(Provided material)

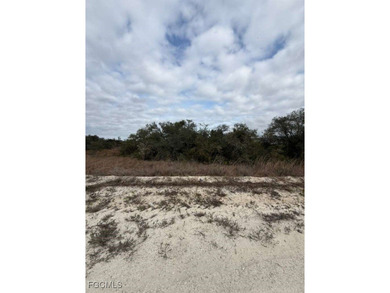 Lake Grassy Lot For Sale in Lake Placid Florida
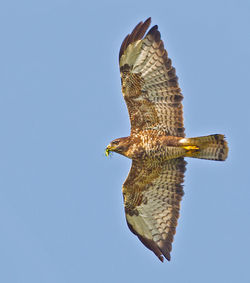 Buzzard photographed at select location on 1/9/2012. Photo: &copy; Anthony Loaring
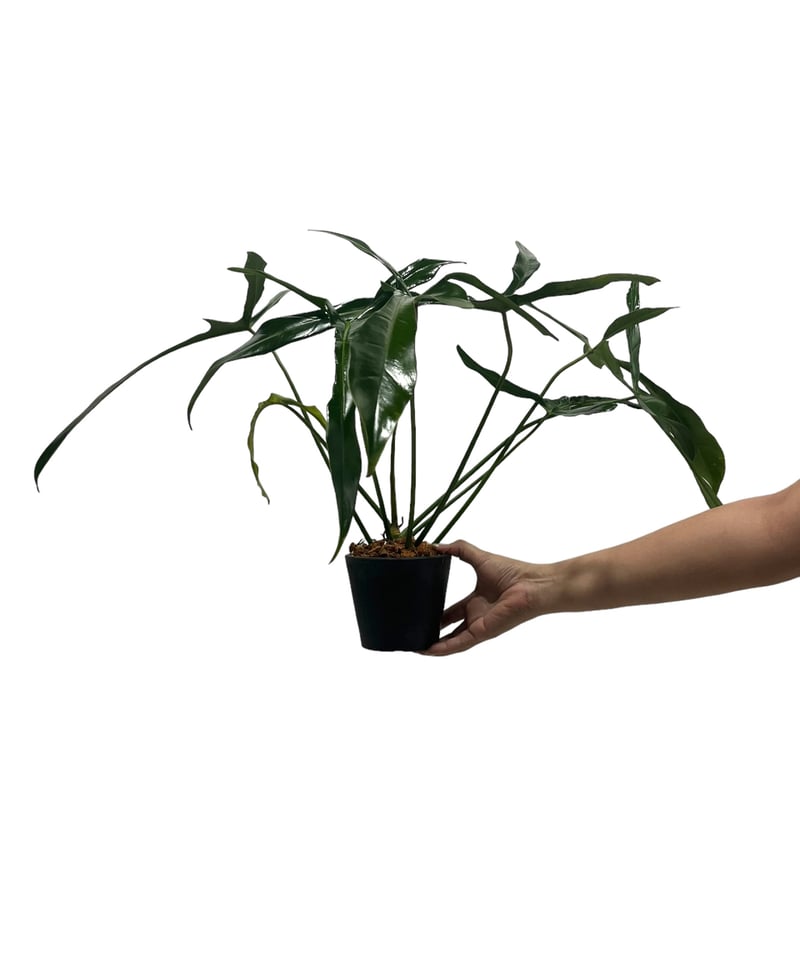 フィロデンドロン ロンギロバトム 'レラノ ミヤノ' 「Philodendron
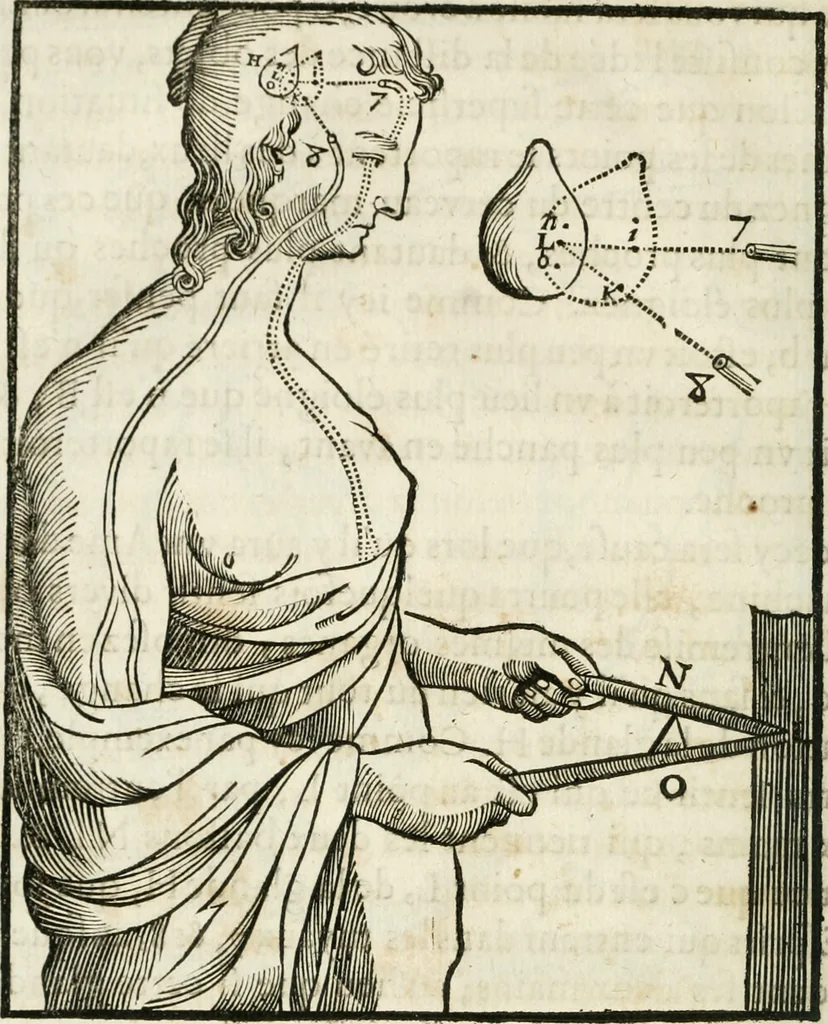 An illustration from L'homme, et la formation du foetus, 1677, leaf 145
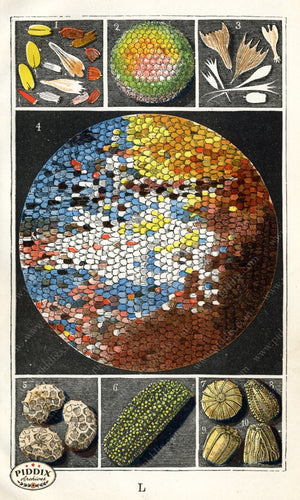 Pdxc2330 -- Butterflies & Bugs Color Illustration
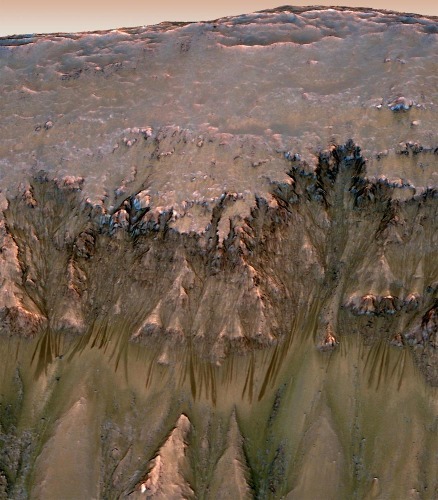 Vue estivale d'un flanc du cratère Newton (41,6 ° lat. Sud, 202,3 long.), Mars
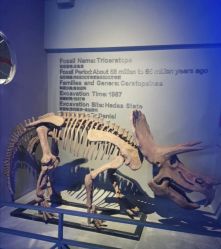 -恐龙探索乐园(磁器口店)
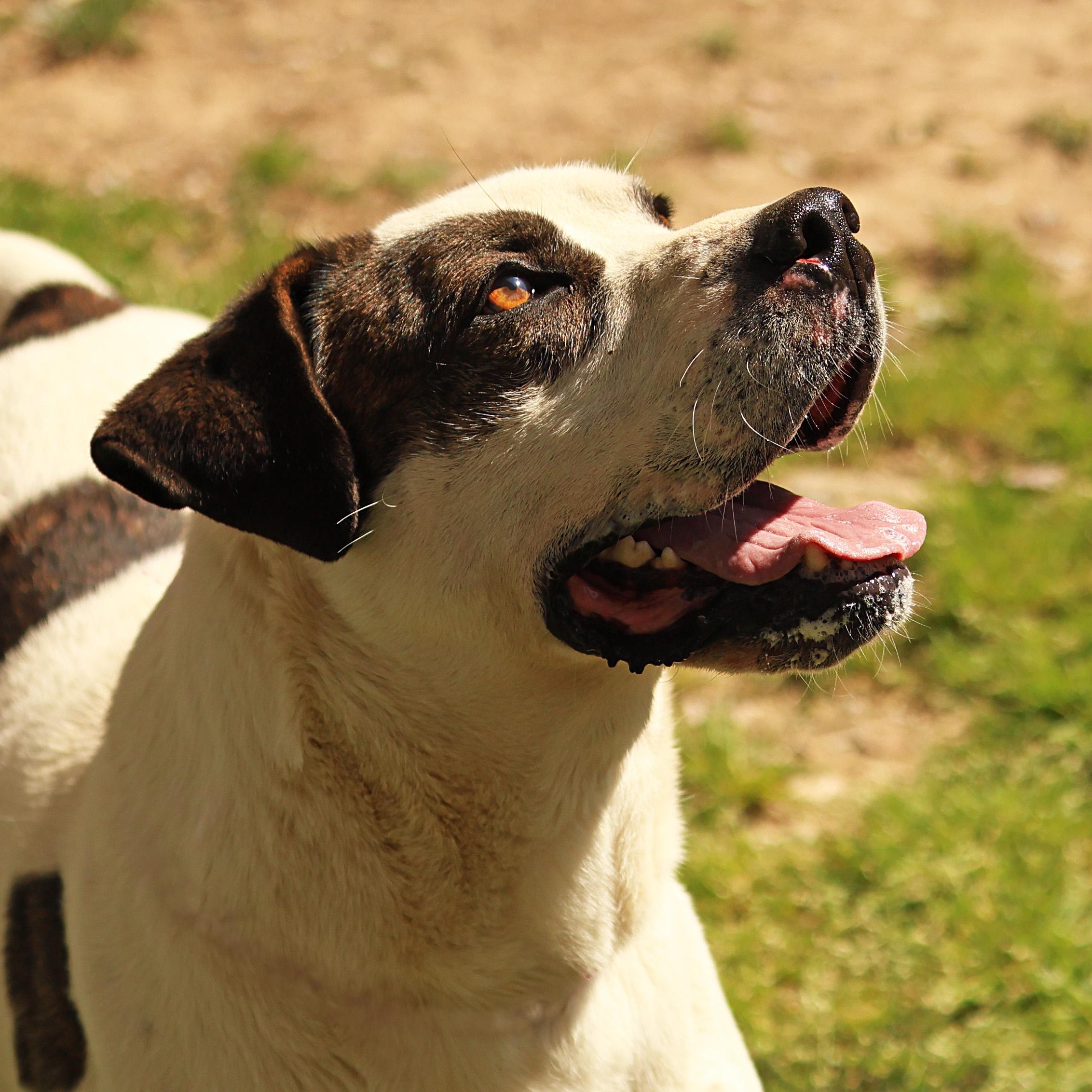 Enlarge Rex, a Adoptable mixed breed in Hot Springs, AR image 1/2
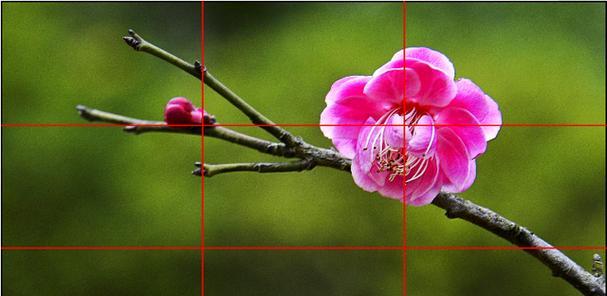 方便式携带相机拍照技巧是什么？  第3张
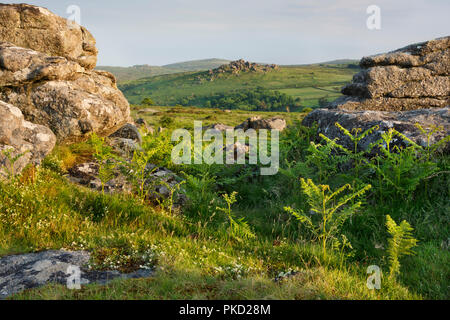 Blick von Hayne, Hound Tor in Dartmoor National Park Stockfoto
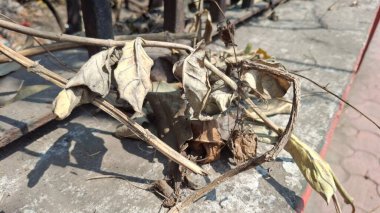 bir ağaç üzerinde kuru yapraklar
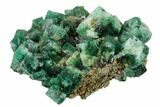 Fluorite Crystal Cluster - Rogerley Mine #143061-2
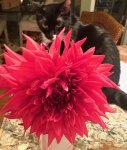 LuciAndBigRedDahlia.jpg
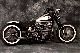 Harley Davidson  Softail / Springer / BOBBER 2006 Chopper/Cruiser photo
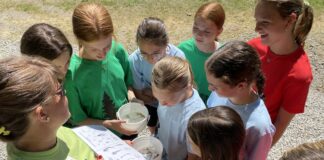 FAWN: 30 years of outdoor learning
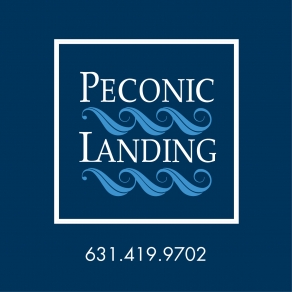 Sponsor logo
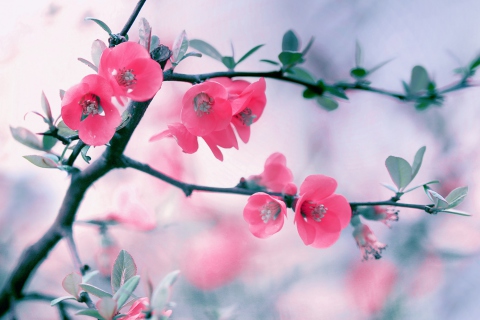 Das Pink Blossom Wallpaper 480x320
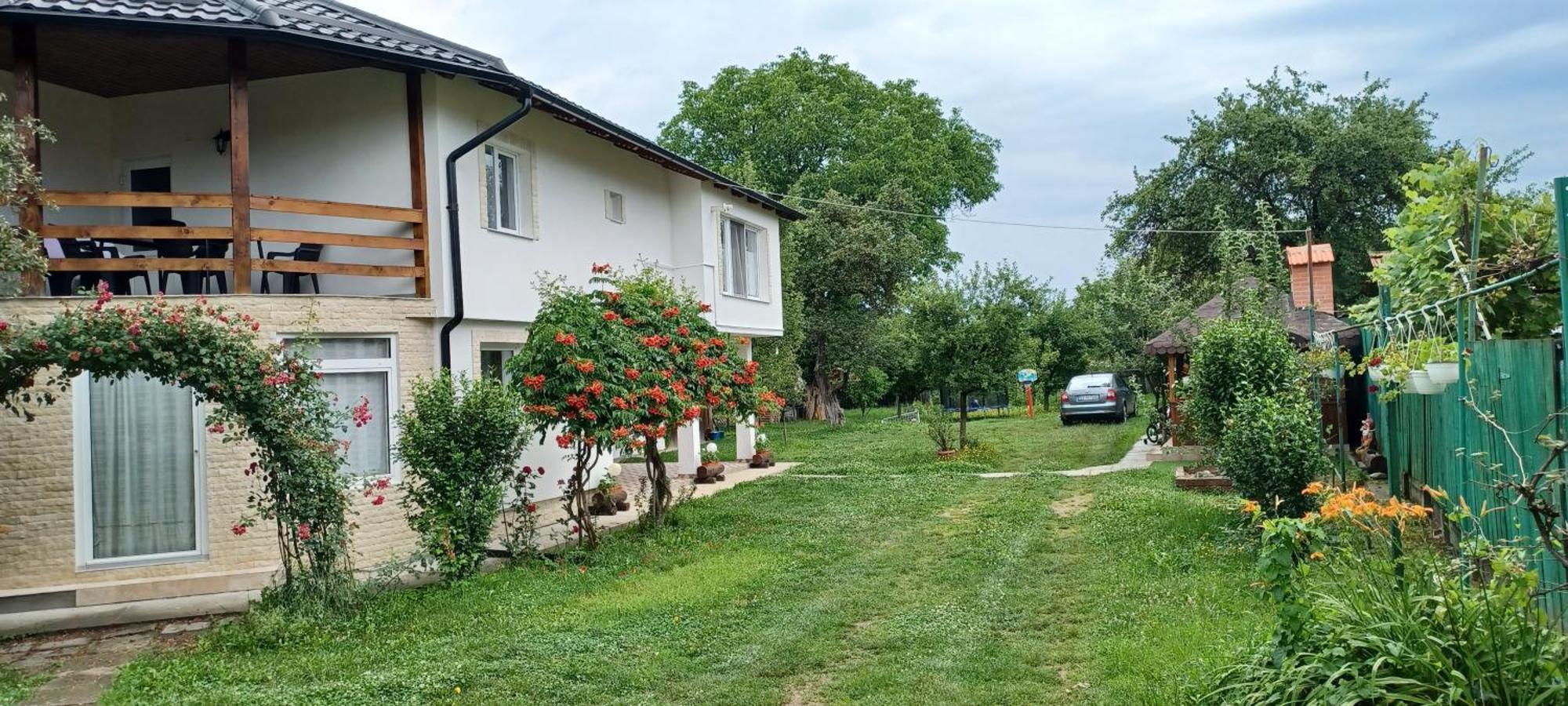 Гостевой дом Casa Pandrea Кырцишоара Экстерьер фото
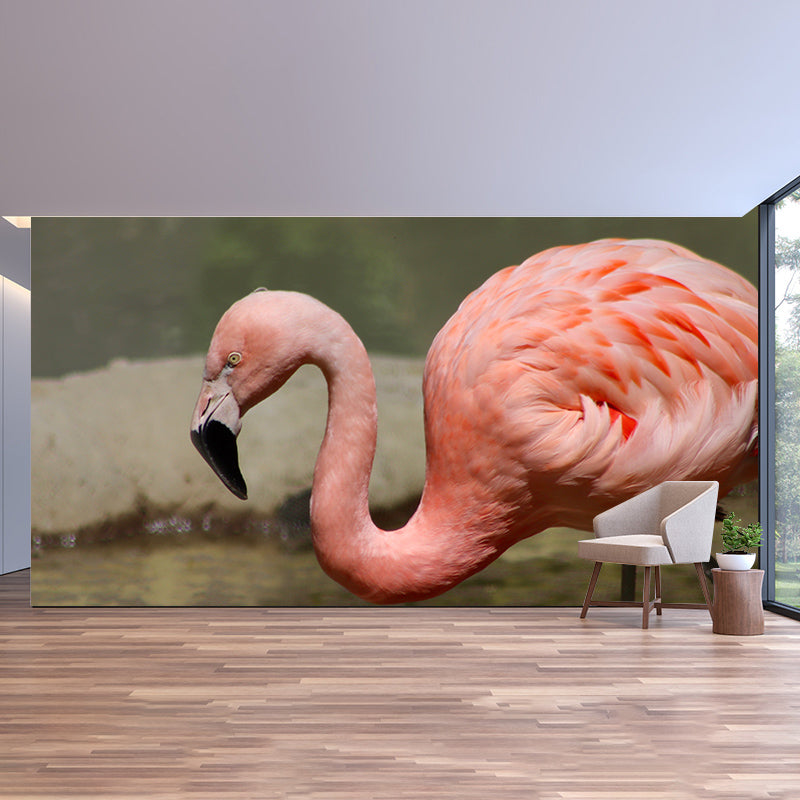 Flamingo Wall Mural Tropical Living Room Wall Covering, Personalized Size Available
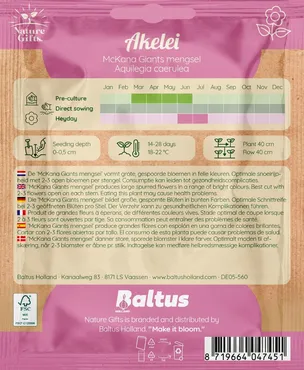 Akelei mckana giants mix 50st - afbeelding 2
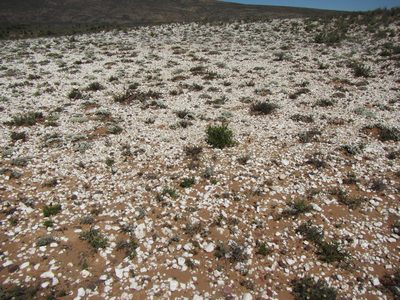 Gibbaeum pubescens, photographed by douglaseustonbrown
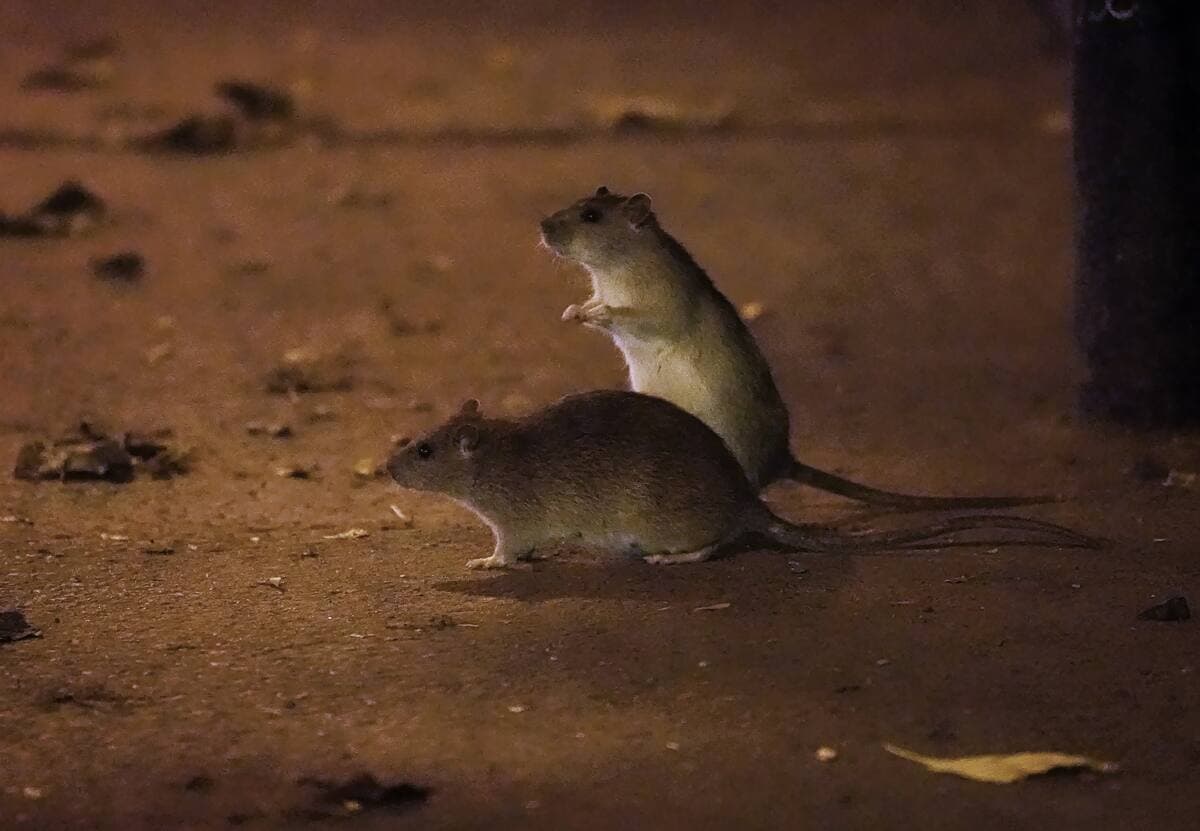 MARIO BEAUREGARD/AGENCE QMI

(End Provided material)

> **Assignment**:
Once the line holding "FAWN: 30 years of outdoor learning" is found, copy it and each later line exactly through the end of the data, leaving out the pictures.

> **Problem solution**:
 FAWN: 30 years of outdoor learning
 Sponsor logo
 Das Pink Blossom Wallpaper 480x320
 Гостевой дом Casa Pandrea Кырцишоара Экстерьер фото
 Flamingo Wall Mural Tropical Living Room Wall Covering, Personalized Size Available
 Akelei mckana giants mix 50st - afbeelding 2
 Gibbaeum pubescens, photographed by douglaseustonbrown
 MARIO BEAUREGARD/AGENCE QMI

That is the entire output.